Join radio producer and educator Areej Nur in a conversation about the internet’s nature of ubiquitous tracking, and how surveillance has now been designed into every aspect of our lives. From app and location tracking to algorithm policing, surveillance technology has become the standard norm, with marginalised communities often at highest risk of having their entire lives monitored.
This talk will consider these ethical and social implications of the internet as well as asking how artists can navigate these dilemmas.
Protocol is a series of live talks grounded in the relationship between contemporary performance and the digital cultures that exist on the internet, hosted by Areej Nur as part of BLEED Echo, a public program responding to and ricocheting from the five artist projects and curatorial conversations of BLEED.
- Host: Areej Nur
- With guests: Stephanie Dinkins, Emile Zile
- Presented by Arts House, City of Melbourne as part of BLEED 2020. BLEED is supported Campbelltown City Council through Campbelltown Arts Centre and City of Melbourne through Arts House.
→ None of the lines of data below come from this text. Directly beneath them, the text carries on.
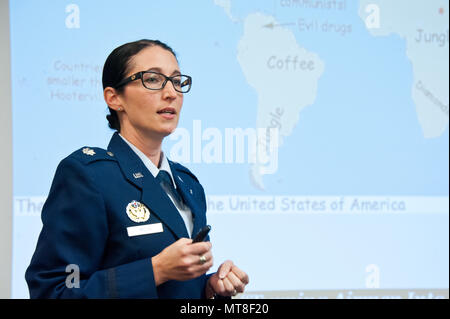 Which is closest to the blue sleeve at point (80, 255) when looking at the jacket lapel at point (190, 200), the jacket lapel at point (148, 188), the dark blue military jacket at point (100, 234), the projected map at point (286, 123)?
the dark blue military jacket at point (100, 234)

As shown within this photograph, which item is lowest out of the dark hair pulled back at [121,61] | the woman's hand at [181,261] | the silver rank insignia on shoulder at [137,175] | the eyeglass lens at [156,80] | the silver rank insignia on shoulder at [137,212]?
the woman's hand at [181,261]

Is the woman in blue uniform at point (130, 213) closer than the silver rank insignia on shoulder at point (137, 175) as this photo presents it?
Yes

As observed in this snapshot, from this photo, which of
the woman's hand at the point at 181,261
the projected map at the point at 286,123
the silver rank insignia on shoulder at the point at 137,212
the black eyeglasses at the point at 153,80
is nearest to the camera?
the woman's hand at the point at 181,261

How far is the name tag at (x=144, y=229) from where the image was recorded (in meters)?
1.14

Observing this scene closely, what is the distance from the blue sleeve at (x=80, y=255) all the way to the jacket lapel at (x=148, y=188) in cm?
12

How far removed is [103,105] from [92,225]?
1.50 meters

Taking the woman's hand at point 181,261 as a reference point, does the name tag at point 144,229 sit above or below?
above

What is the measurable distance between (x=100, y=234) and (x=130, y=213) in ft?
0.29

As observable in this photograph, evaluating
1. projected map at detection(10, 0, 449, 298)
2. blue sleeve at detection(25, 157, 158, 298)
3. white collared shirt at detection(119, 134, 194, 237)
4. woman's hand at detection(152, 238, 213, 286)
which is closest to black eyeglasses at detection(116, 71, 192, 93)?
white collared shirt at detection(119, 134, 194, 237)

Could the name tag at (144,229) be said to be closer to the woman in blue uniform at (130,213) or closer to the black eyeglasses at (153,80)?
the woman in blue uniform at (130,213)

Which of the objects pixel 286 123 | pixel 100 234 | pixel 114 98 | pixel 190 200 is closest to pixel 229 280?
pixel 190 200

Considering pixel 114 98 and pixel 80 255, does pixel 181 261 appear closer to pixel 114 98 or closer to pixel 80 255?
pixel 80 255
Schedule12:00- 1.00pm AEST, ZOOM
Thursday 30 July
Areej Nur is a radio producer, presenter and educator. She is the co-founder of African arts collective Still Nomads and podcast network Broadwave. Most of Areej’s work seeks to support women of colour, particularly black women, to be at the forefront of conversations about media, arts, race and feminism in Australia.
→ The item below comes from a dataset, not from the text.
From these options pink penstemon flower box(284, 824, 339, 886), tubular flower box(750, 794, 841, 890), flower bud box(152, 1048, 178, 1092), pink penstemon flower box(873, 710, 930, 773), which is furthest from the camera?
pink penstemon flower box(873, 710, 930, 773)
Stephanie Dinkins is a transmedia artist who creates platforms for dialog about artificial intelligence (AI) as it intersects race, gender, aging, and our future histories. She is particularly driven to work with communities of color to co-create more inclusive, fair and ethical artificial intelligent ecosystems. Dinkins’ art practice employs lens-based practices, emerging technologies and community engagement to confront questions of bias in AI, consciousness, data sovereignty and social equity. Investigations into the contradictory histories, traditions, knowledge bases and philosophies that form/in-form society at large underpin her thought and art production.
Emile Zile is an artist, filmmaker and performer. Building on a background of live and single-channel video his work utilises site-specific performance, portraiture and filmmaking to capture the traces of humanity within an accelerating digital culture. Emile received a Bachelor of Fine Arts degree from RMIT Media Arts before relocating to Amsterdam in 2007 to commence an MFA degree at the Sandberg Institute. In 2012 he began a two year residency at the Rijksakademie vanbeeldende kunsten, Amsterdam. In 2018 he commenced full-time practice-based doctoral research at Digital Ethnography Research Centre, Department of Media RMIT Melbourne.